**PROBLEM REQUIREMENTS:**
Set down, please, exactly the lines below that run from the line with "Hrana Pisici - MIAU" to the line with "darkzone Ανδρικό βαμβακερό", both lines included.

**EXERCISE DATA:**

------------------------------------------------------------

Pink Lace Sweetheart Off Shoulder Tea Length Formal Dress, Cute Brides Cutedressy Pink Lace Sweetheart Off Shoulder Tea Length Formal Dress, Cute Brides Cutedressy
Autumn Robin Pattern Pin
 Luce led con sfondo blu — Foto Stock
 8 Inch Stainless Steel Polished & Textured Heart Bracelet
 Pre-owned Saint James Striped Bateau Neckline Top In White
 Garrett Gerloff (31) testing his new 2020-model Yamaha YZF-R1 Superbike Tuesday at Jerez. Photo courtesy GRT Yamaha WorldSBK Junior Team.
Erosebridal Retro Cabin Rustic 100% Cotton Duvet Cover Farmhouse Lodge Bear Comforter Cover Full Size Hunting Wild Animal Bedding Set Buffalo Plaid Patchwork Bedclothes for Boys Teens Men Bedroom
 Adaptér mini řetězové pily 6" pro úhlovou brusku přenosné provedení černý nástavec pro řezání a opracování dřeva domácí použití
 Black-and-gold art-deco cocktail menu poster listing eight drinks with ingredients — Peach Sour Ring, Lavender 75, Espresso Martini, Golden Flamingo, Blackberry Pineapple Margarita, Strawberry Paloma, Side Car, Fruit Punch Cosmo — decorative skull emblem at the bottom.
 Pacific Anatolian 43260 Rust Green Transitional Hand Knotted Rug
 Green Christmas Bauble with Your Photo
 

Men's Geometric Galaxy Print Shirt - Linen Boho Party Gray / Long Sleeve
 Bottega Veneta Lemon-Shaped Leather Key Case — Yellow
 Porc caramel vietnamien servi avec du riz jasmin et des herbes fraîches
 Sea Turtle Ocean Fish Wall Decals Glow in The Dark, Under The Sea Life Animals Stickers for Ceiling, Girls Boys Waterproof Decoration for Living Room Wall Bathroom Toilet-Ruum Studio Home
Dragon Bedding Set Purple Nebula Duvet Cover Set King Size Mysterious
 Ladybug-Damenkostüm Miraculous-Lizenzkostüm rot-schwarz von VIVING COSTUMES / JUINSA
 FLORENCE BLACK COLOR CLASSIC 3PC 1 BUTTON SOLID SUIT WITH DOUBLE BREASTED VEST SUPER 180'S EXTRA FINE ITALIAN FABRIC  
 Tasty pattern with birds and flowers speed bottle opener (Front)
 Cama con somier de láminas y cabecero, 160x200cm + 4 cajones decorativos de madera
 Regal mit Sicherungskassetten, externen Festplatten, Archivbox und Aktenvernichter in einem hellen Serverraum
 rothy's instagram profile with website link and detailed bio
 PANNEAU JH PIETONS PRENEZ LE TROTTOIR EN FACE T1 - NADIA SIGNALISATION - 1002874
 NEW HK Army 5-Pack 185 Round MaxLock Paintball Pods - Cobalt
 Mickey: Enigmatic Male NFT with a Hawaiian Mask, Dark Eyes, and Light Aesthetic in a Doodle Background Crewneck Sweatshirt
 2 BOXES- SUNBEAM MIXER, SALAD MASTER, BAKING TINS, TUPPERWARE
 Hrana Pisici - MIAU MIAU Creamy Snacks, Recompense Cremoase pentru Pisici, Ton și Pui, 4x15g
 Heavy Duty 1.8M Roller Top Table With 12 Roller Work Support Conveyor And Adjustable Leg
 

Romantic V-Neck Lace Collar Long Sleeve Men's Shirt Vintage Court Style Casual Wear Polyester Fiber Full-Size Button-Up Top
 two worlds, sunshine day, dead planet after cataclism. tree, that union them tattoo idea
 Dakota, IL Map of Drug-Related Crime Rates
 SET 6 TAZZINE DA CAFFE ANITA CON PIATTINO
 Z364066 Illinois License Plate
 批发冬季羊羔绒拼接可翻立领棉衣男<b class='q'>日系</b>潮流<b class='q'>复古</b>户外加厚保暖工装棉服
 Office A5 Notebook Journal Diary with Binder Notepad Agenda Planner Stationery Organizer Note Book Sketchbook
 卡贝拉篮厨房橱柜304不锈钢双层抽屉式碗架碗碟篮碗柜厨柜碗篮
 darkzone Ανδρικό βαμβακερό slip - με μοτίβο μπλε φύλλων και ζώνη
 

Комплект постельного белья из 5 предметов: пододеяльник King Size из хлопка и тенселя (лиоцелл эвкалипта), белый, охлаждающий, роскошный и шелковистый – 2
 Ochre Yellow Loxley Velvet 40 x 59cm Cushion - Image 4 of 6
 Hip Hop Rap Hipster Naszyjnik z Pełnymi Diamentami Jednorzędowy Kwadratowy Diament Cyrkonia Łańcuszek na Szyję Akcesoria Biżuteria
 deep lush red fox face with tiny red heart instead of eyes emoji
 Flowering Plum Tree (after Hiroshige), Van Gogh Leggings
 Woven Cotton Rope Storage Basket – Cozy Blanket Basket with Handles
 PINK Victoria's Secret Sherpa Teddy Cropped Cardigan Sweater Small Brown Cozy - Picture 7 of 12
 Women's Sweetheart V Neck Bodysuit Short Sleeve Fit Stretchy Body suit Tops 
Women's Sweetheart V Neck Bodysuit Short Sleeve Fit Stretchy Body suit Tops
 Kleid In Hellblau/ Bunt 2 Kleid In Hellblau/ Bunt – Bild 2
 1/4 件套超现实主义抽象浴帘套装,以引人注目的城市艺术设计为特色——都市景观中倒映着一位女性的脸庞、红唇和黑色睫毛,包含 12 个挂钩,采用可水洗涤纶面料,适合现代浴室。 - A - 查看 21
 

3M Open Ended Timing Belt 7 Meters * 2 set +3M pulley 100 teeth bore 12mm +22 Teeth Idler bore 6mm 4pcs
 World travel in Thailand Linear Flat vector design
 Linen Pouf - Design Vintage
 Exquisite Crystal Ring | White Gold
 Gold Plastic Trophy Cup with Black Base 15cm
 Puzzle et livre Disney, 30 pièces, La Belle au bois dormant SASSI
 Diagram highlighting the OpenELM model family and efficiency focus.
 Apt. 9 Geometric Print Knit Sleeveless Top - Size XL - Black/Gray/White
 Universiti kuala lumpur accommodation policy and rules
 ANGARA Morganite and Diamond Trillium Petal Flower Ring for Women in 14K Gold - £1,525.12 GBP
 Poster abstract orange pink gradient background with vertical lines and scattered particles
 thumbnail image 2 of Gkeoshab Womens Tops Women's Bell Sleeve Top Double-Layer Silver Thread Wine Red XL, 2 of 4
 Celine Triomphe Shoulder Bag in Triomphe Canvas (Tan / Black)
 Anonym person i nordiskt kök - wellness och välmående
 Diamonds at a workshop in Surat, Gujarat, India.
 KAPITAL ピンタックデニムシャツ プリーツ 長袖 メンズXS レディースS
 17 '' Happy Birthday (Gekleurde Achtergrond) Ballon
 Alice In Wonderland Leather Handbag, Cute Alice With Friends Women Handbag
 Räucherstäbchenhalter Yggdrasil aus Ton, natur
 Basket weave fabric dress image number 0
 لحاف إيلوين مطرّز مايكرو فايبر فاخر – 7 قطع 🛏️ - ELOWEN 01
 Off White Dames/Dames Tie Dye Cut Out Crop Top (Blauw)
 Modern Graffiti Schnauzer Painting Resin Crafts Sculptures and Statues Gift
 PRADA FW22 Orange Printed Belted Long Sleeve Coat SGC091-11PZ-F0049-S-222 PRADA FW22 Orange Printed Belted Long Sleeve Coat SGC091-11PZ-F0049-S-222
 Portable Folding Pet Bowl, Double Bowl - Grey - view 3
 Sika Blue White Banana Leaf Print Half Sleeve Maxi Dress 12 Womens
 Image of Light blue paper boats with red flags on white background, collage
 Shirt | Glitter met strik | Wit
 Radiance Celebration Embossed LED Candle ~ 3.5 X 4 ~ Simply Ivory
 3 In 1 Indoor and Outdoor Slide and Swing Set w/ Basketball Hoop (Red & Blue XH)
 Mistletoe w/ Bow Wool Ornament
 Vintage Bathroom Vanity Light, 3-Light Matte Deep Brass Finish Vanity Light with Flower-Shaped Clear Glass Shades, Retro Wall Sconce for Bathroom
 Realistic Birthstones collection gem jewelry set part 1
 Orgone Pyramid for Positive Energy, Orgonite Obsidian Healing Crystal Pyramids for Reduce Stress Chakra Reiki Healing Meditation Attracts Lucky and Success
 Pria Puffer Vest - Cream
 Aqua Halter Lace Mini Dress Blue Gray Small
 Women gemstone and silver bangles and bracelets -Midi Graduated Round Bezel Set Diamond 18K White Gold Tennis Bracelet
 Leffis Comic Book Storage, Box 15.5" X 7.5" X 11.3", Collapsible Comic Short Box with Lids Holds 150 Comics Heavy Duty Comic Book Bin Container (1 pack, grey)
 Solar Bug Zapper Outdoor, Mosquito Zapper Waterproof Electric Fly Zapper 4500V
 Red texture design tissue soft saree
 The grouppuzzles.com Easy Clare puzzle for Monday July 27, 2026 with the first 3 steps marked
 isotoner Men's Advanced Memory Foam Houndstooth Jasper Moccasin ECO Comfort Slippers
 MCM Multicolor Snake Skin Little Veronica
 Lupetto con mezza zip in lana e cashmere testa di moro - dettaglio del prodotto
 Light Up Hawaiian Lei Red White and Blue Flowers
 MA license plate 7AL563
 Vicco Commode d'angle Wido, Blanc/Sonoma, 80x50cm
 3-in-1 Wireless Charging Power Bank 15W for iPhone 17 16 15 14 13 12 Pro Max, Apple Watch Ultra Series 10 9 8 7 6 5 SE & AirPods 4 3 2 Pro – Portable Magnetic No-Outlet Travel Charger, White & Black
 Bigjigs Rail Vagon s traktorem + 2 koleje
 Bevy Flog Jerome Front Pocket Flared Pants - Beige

------------------------------------------------------------

**RESULT:**
 Hrana Pisici - MIAU MIAU Creamy Snacks, Recompense Cremoase pentru Pisici, Ton și Pui, 4x15g
 Heavy Duty 1.8M Roller Top Table With 12 Roller Work Support Conveyor And Adjustable Leg
 

Romantic V-Neck Lace Collar Long Sleeve Men's Shirt Vintage Court Style Casual Wear Polyester Fiber Full-Size Button-Up Top
 two worlds, sunshine day, dead planet after cataclism. tree, that union them tattoo idea
 Dakota, IL Map of Drug-Related Crime Rates
 SET 6 TAZZINE DA CAFFE ANITA CON PIATTINO
 Z364066 Illinois License Plate
 批发冬季羊羔绒拼接可翻立领棉衣男<b class='q'>日系</b>潮流<b class='q'>复古</b>户外加厚保暖工装棉服
 Office A5 Notebook Journal Diary with Binder Notepad Agenda Planner Stationery Organizer Note Book Sketchbook
 卡贝拉篮厨房橱柜304不锈钢双层抽屉式碗架碗碟篮碗柜厨柜碗篮
 darkzone Ανδρικό βαμβακερό slip - με μοτίβο μπλε φύλλων και ζώνη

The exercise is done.